Mereka berseru, “Kami butuh hutan”. Sebuah Yayasan mengajukan tiga opsi agar Punan Batu tetap berpola hidup melestarikan hutan. Ketiganya bergantung pada jalan tengah antara pemerintah, perusahaan, dan para pemburu-peramu itu.
Sebagian warga Punan Batu hidup di hutan Kabupaten Bulungan, Kalimantan Utara. Punan Batu adalah sebutan untuk kelompok terakhir di Kalimantan yang menerapkan cara hidup manusia prasejarah. Yaitu berburu-meramu di dalam rimba. Terminologi batu melekat dengan identitas mereka karena mereka kerap tinggal di dalam ‘batu’, istilah yang dalam bahasa lokal bermakna goa.
Mereka dapat bertutur dalam bahasa Indonesia.
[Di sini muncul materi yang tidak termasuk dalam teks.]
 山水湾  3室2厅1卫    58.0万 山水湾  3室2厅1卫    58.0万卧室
Hidup dalam tradisi berladang. Mereka hanya mukim delapan sampai sembilan hari di satu goa atau pondok. Selanjutnya, berjalan ke goa atau pondok lain, yang rata-rata berjarak 4,5 kilometer. Populasi mereka kini tidak sampai 100 orang. Dicemaskan akan ‘tinggal nama’ bila pemerintah tidak segera mengatasi persoalan serius menyangkut hak hidup mereka.
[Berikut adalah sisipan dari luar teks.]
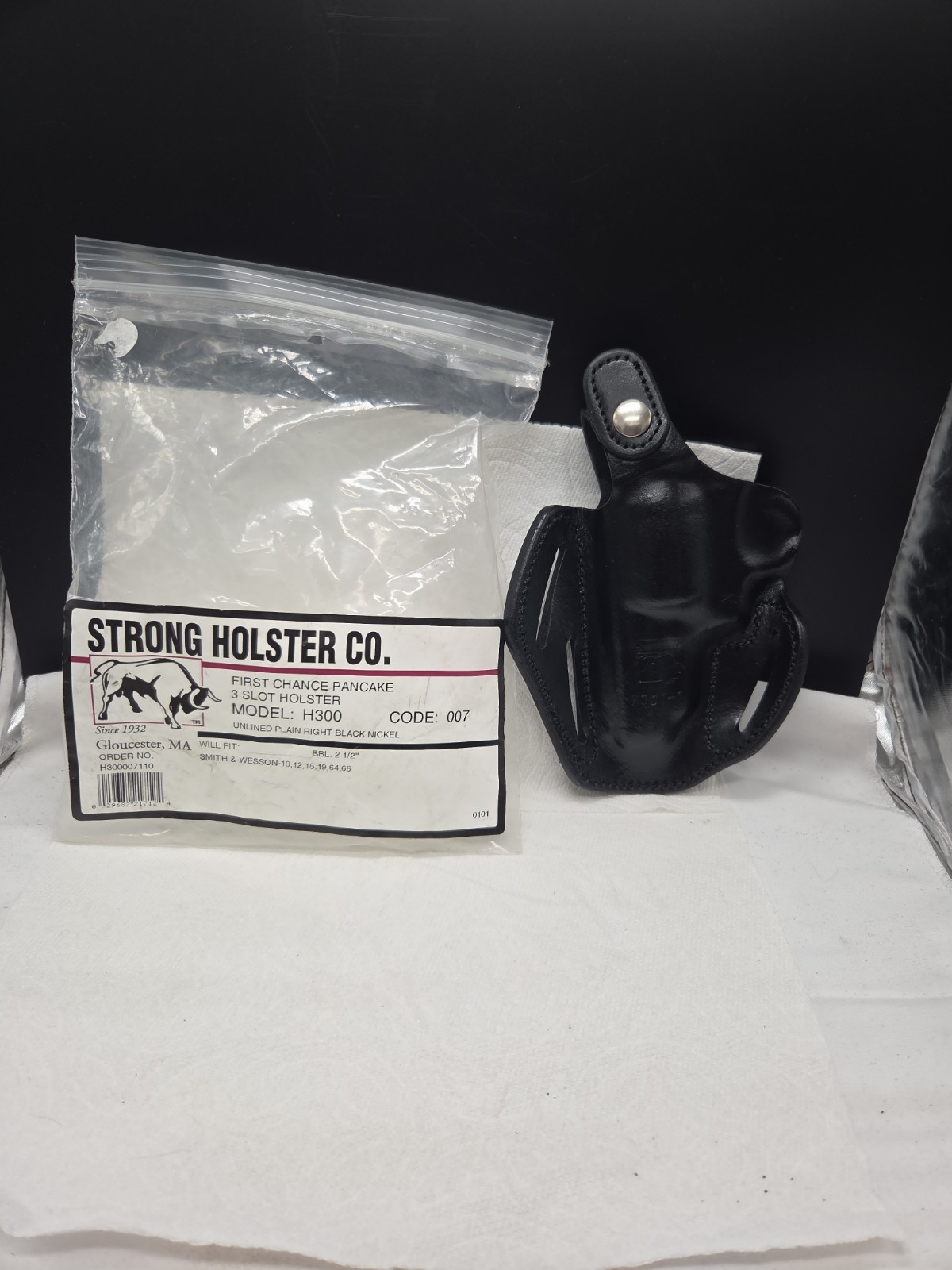 Strong H300 Code 007 Plain Right Black Leather Thumbsnap Holster Smith Wesson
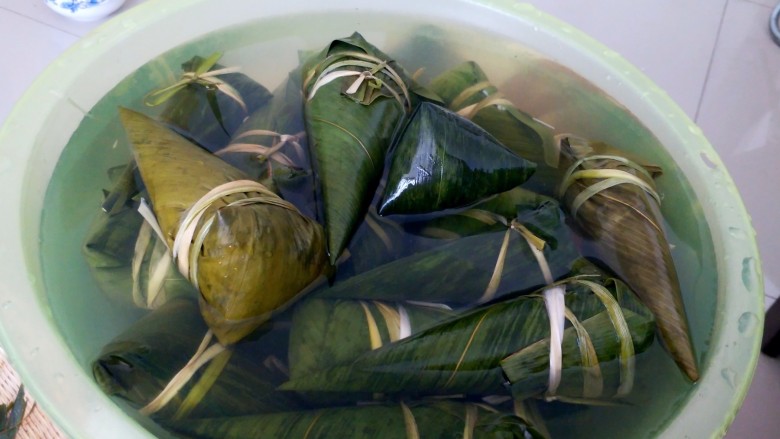不同类型粽子的包法,因为米没有泡过，所以包好的粽子尽量用水泡1-2小时后在煮。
Salah satu kelompok pertama penghuni Pulau Kalimantan ini bertahan hidup nyaris tanpa perhatian pemerintah dan masyarakat. Ruang hidup mereka kini semakin sempit. Ekspansi perusahaan kayu dan ladang sawit milik korporasi menyulitkan umbi-umbian liar bertumbuh dan menyempitkan ekosistem binatang buruan seperti babi hutan, rusa, kura-kura, dan kera.
Banyak data ilmiah menunjukkan orang-orang Punan Batu sudah ribuan tahun menjadi pemburu-peramu di Kalimantan, tanpa pernah beralih ke pola hidup berladang. Sejumlah temuan tentang Punan Batu itu lebih kuat dibandingkan kelompok pemburu-peramu Mlabri di Thailand, Guaja di Amazon, dan Siriono di Bolivia, yang disebut sempat beralih ke cara hidup berladang.
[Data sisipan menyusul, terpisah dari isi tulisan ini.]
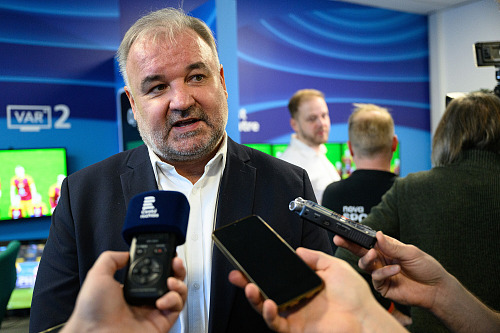 Šéf fotbalové ligy Tomáš Bárta mluví s novináři v centrále VAR v pražské Michli.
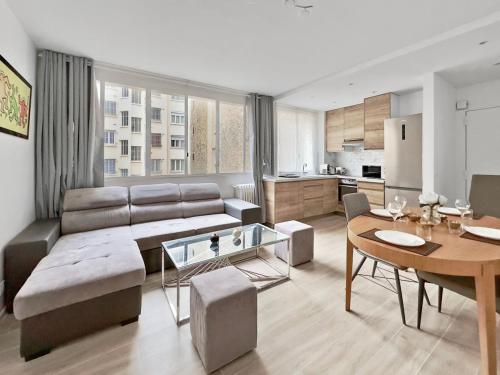 Charming Apartment 4P- Eiffel Tower Face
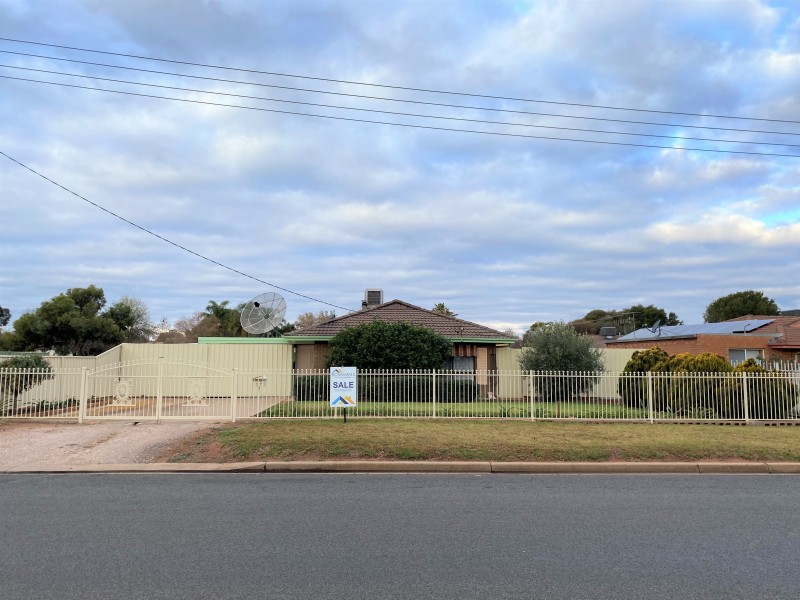17 Harward Road, Griffith NSW 2680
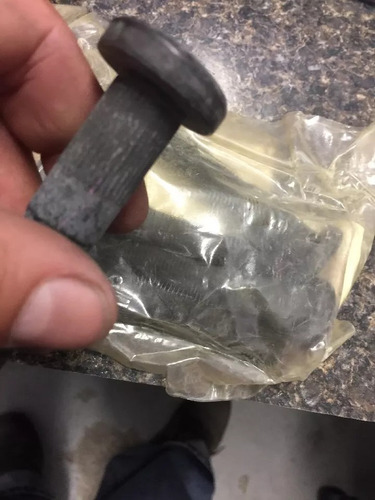 Esparrago Rueda Trasera Chevrolet Blazer 1992 1993 1994 1995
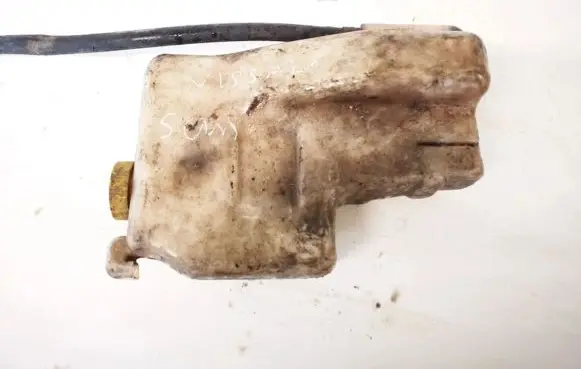 Nissan Sunny Coolant expansion tank/reservoir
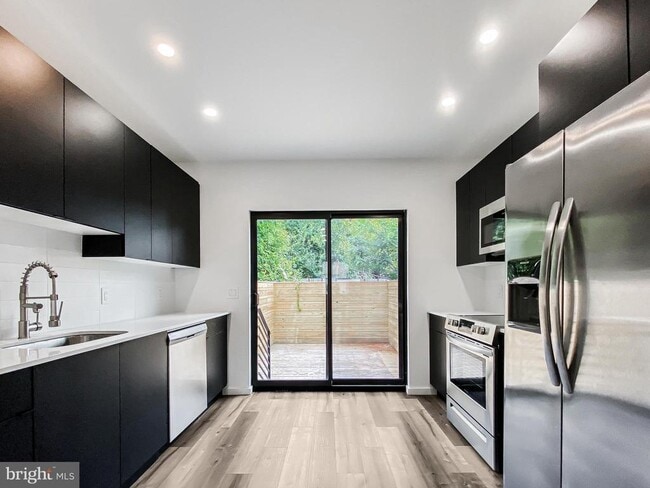 Building Photo - 2027 N 5th St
Mereka tidak pernah menguasai teknik menanam ataupun memelihara ternak. Punan Batu hidup di lokasi yang tidak benar-benar terpencil. Sejumlah pondok yang mereka bangun di hilir Sungai Sajau beberapa tahun terakhir dapat dicapai setidaknya selama tiga jam perjalanan dari Tanjung Selor, pusat pemerintahan Provinsi Kalimantan Utara.
Di Pulau Kalimantan, populasi Suku Dayak sekitar 6.000.000 jiwa, Suku Banjar, Suku Agabag awkitar 20.000 jiwa, Suku Punan antara 19.000 dan 20.000 jiwa, Suku Kutai, dan Suku Melayu merupakan kelompok dominan. Dayak Punan merupakan suku yang memiliki segala “kelebihan”. Mereka dikenal sebagai suku yang paling tangguh, hebat saat berperang dan berburu, bertahan hidup di hutan.
Mereka bertahan hidup bergantung pada alam. Mereka biasa berburu hewan liar dan memakan sayur-sayuran dari hutan yang biasa dipetik dan dimakan langsung. Bahkan untuk daging buruan yang mereka dapat biasanya hanya dijemur di bawah terik matahari hingga menjadi daging asin atau dendeng. Saat ini, kebanyakan suku Dayak Punan sudah hidup secara modern.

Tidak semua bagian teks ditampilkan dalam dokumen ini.